Nothing but the lines from the one with "FP - Module" through the end of the data should be set down, each exactly as written, and no picture should be included.

*** EXERCISE DATA Section Begins ***

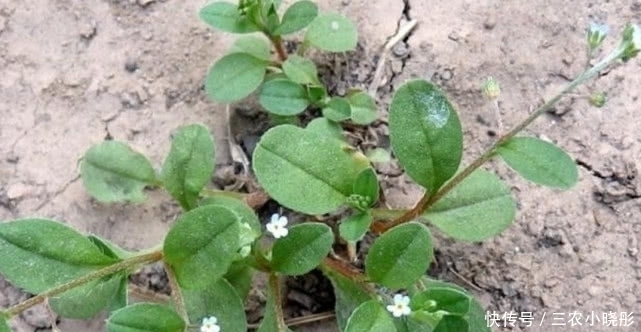 农村一种常见植物俗称“附地菜”，既能食用也能药用，价值珍贵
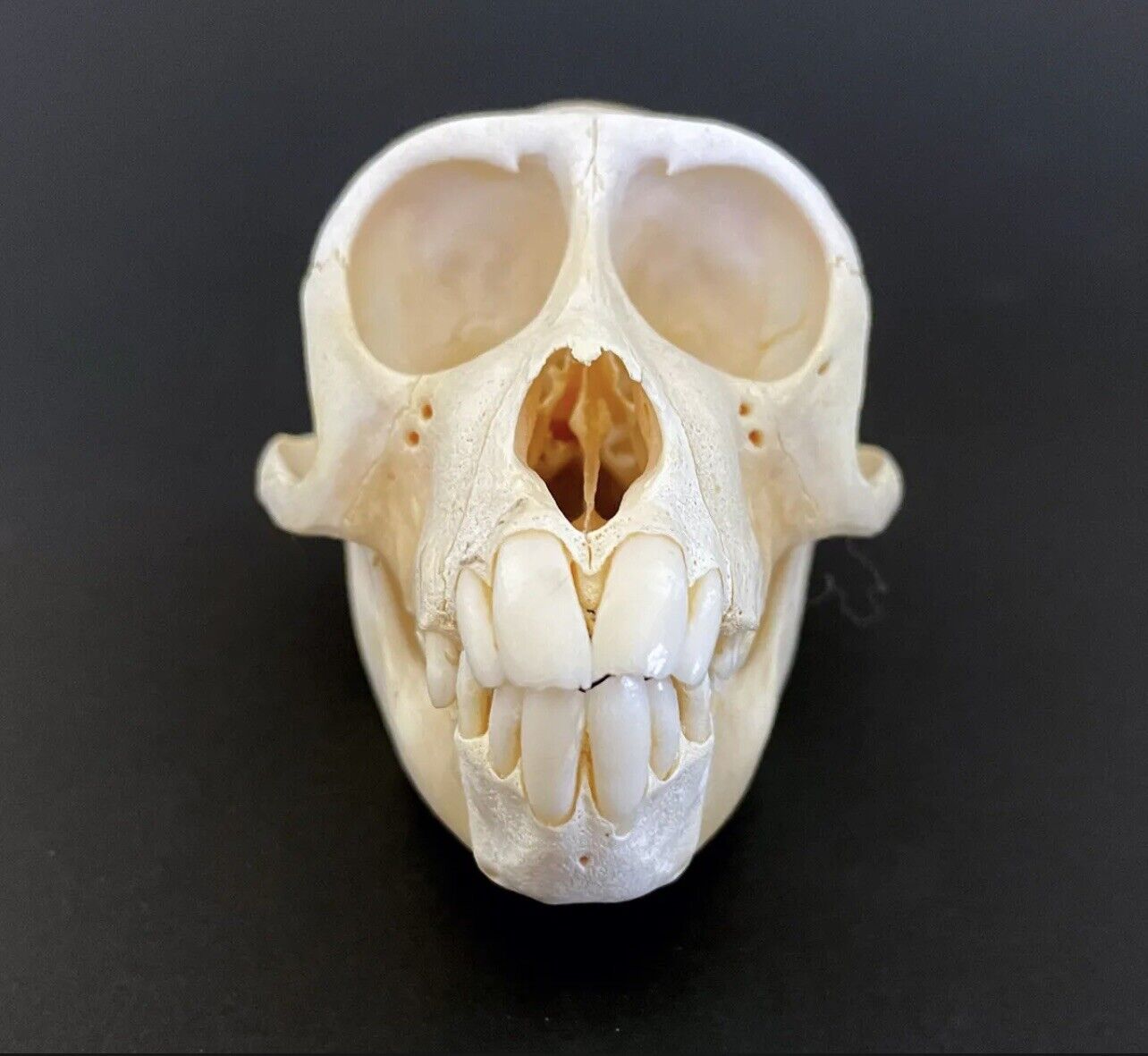 Rhesus macaque monkey skull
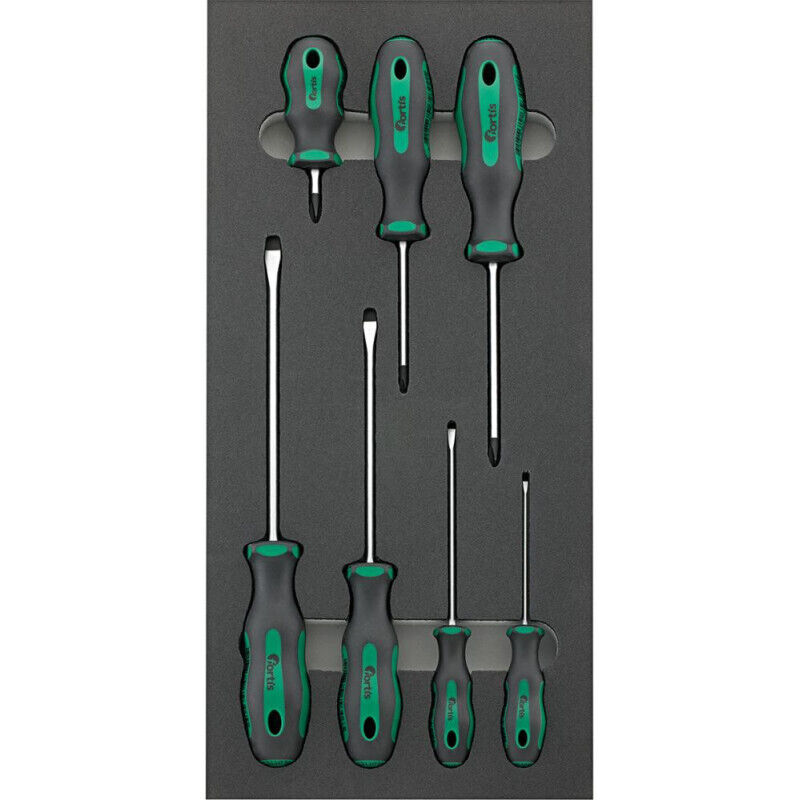FP - Module d'outils 1/3 pour tournevis ph fortis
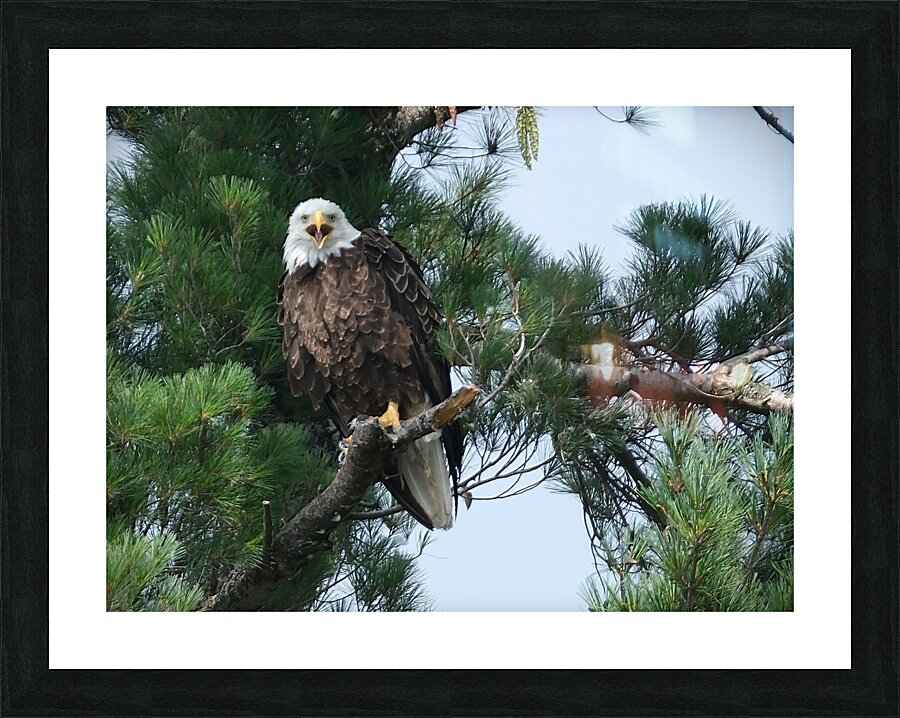 Bird Photography  Picture Frame print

*** EXERCISE DATA Section Ends ***

*RESULT OF THIS TASK*
FP - Module d'outils 1/3 pour tournevis ph fortis
 Bird Photography  Picture Frame print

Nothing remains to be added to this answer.